Homebuyers shunning fixed-rate mortgages
April 6, 2009
Home buyers have all but given up on fixed-rate home loans in anticipation of the Reserve Bank of Australia (RBA) cutting interest rates further, banker and insurer Suncorp says.
The RBA holds its monthly board meeting on Tuesday and economists are split on whether the central bank will hold the cash rate steady for another month or reduce it by a further 25 to 50 basis points.
Even if it doesn't cut the rate this month, financial markets are betting on further reductions this year towards two per cent.
The cash rate stands at a 45-year low of 3.25 per cent.
"The fact that our customers are typically continuing to favour the variable rate option indicates that they seem to be largely betting that the official interest rate will fall further," Suncorp's general manager of banking Terry Wasmund said.
New figures released by Suncorp on Monday showed that only one per cent of its customers took out a fixed rate home loan in February compared with 42 per cent a year earlier.
"We haven't seen a market like this for a very long time," Mr Wasmund said.

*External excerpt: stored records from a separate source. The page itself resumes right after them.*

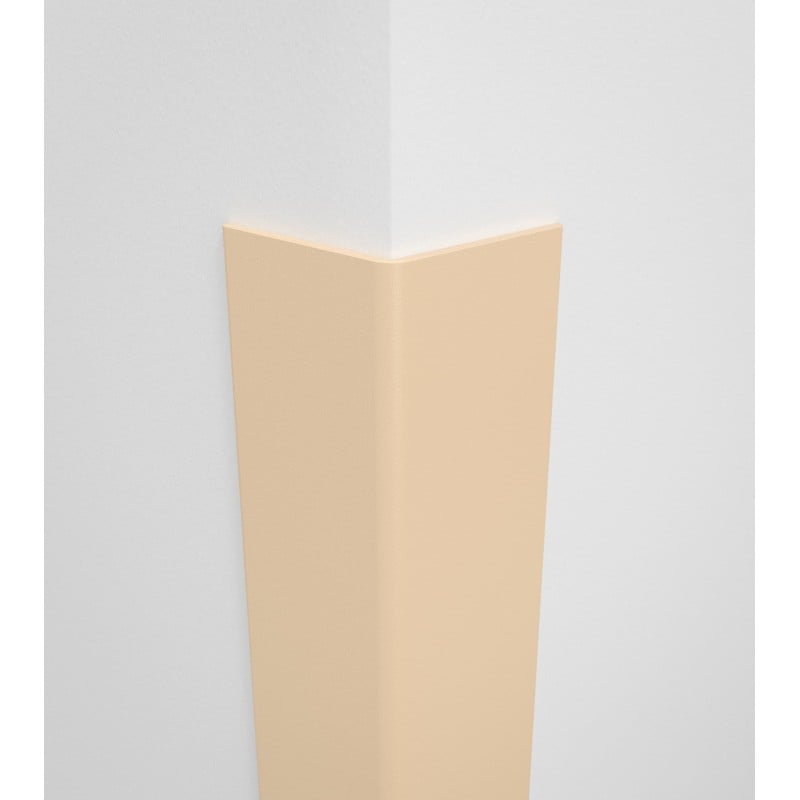 2 in Standard Colored Vinyl Corner Guards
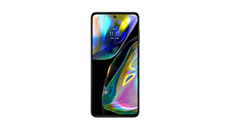 Motorola Moto G71s Screen protectors & tempered glass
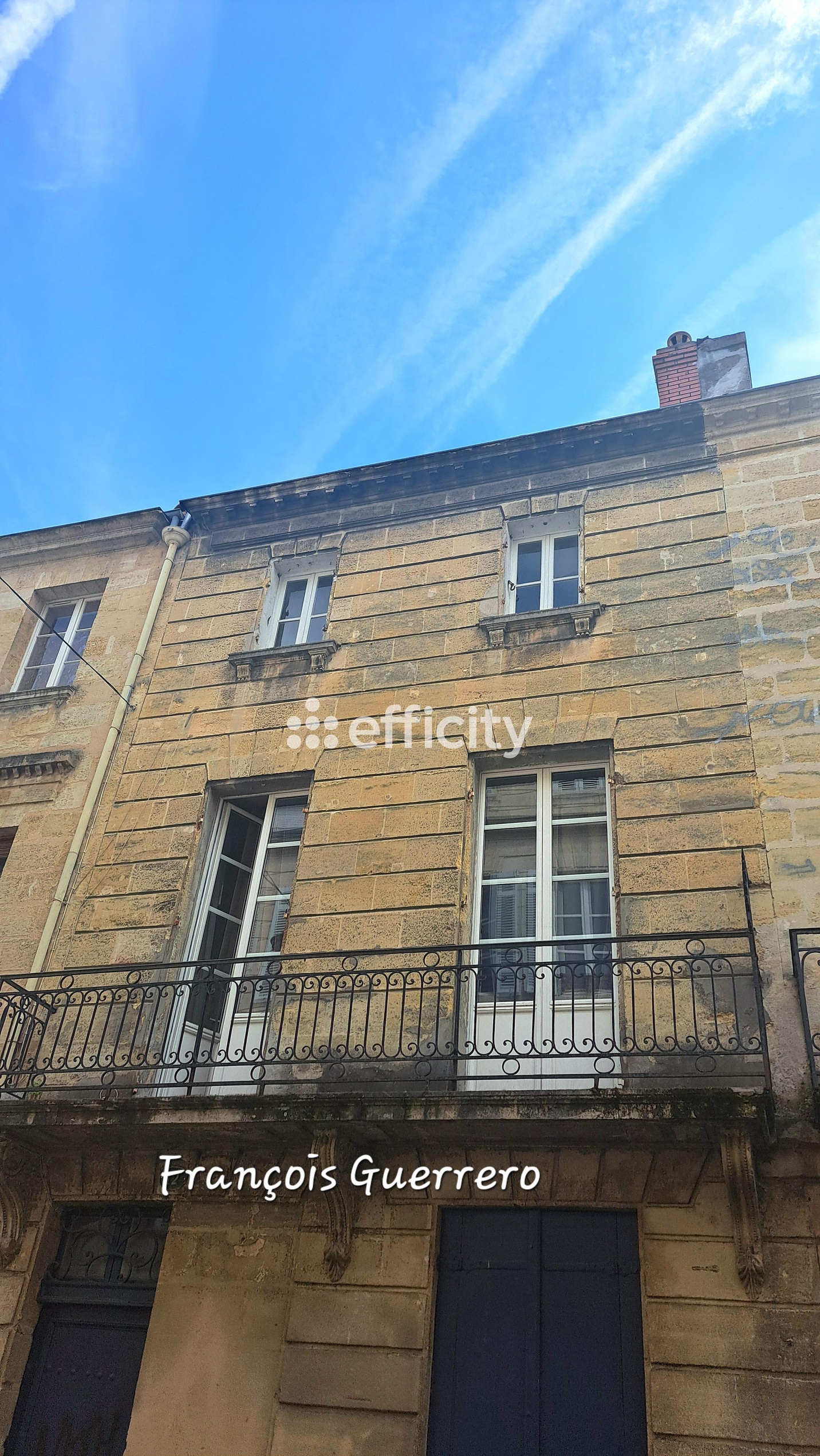 appartement 1 pièces - 47m2 à Bordeaux (33000)
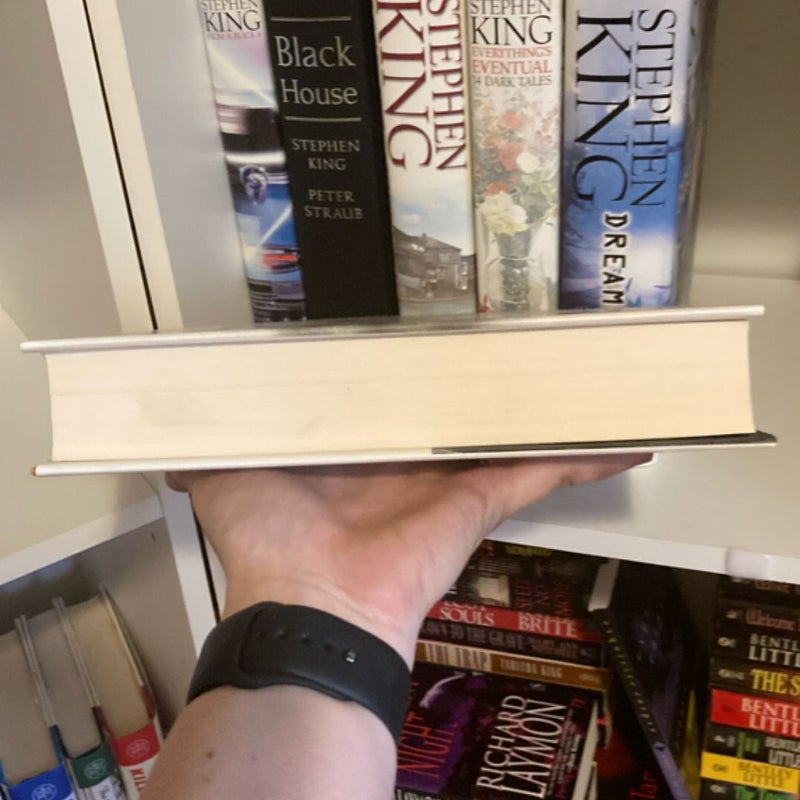 Bag of Bones 1st edition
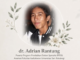 dr. Adrian Rantung, peserta PPDS Anestesi Unsrat di RSUP Kandou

Still, mortgage broker the Loan Market Group said now was the time to be considering a fixed-rate mortgage.
It says fixed rates have already started moving up, even though official rates are expected to be lower this year.
Fixed-rate mortgages are based on wholesale market interest rates, while standard variable rates are usually led by official interest rate decisions.
"Many consumers are unaware that the variable rates move differently to fixed rates and by the time variable rates have bottomed they have missed the best opportunity to fix," Loan Market Group executive director John Kolenda said.
"If you are able to secure a great fixed rate in the high four per cent or low five per cent range for a three-to-five-year period then you should seriously look at it."